Dans le détail, ce programme pourrait comporter un congé de paternité à 10 semaines (contre quatre aujourd’hui) dont six obligatoires, comme pour les mères. Son coût est évalué à 1,3 milliard d’euros.
Transparence salariale
Il pourrait également introduire une obligation pour les employeurs pour qu’ils indiquent le salaire ou la fourchette de rémunération dans l’annonce de l’offre d’emploi ou avant l’entretien, sous peine de sanction. C’est d’ailleurs tout l’objet de la transposition de la directive européenne sur la transparence des rémunérations qui devrait être effective d’ici à juin 2026. Une mesure « simple à mettre en place » qui devrait « avoir des effets immédiats et significatifs », prédisent les auteurs.

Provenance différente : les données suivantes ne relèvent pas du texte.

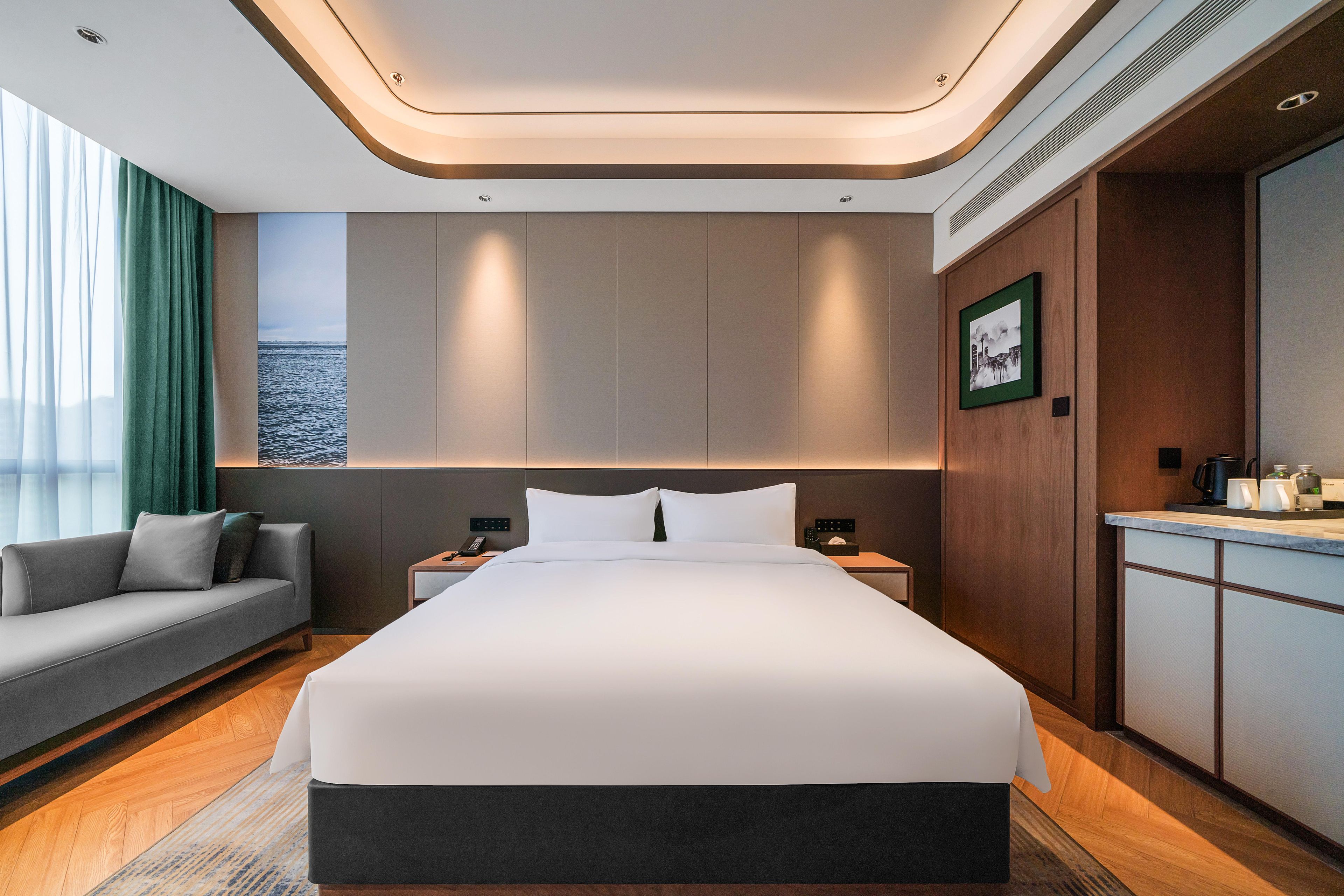 Habitación de hotel moderna con una cama grande, un sofá, un escritorio y vistas al mar.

Ce plan pourrait aussi encourager les partenaires sociaux à négocier des accords de branche pour rétablir l’égalité hommes-femmes dans les évolutions de carrière et pour l’accès aux promotions, à l’image de ceux de la métallurgie ou des architectes. Et rendre plus contraignantes les politiques de quotas aux postes exécutifs et d’encadrement.
Soit une approche systémique qui pourrait éliminer les impacts négatifs des moments clefs de la vie qui cristallisent encore et toujours les inégalités salariales.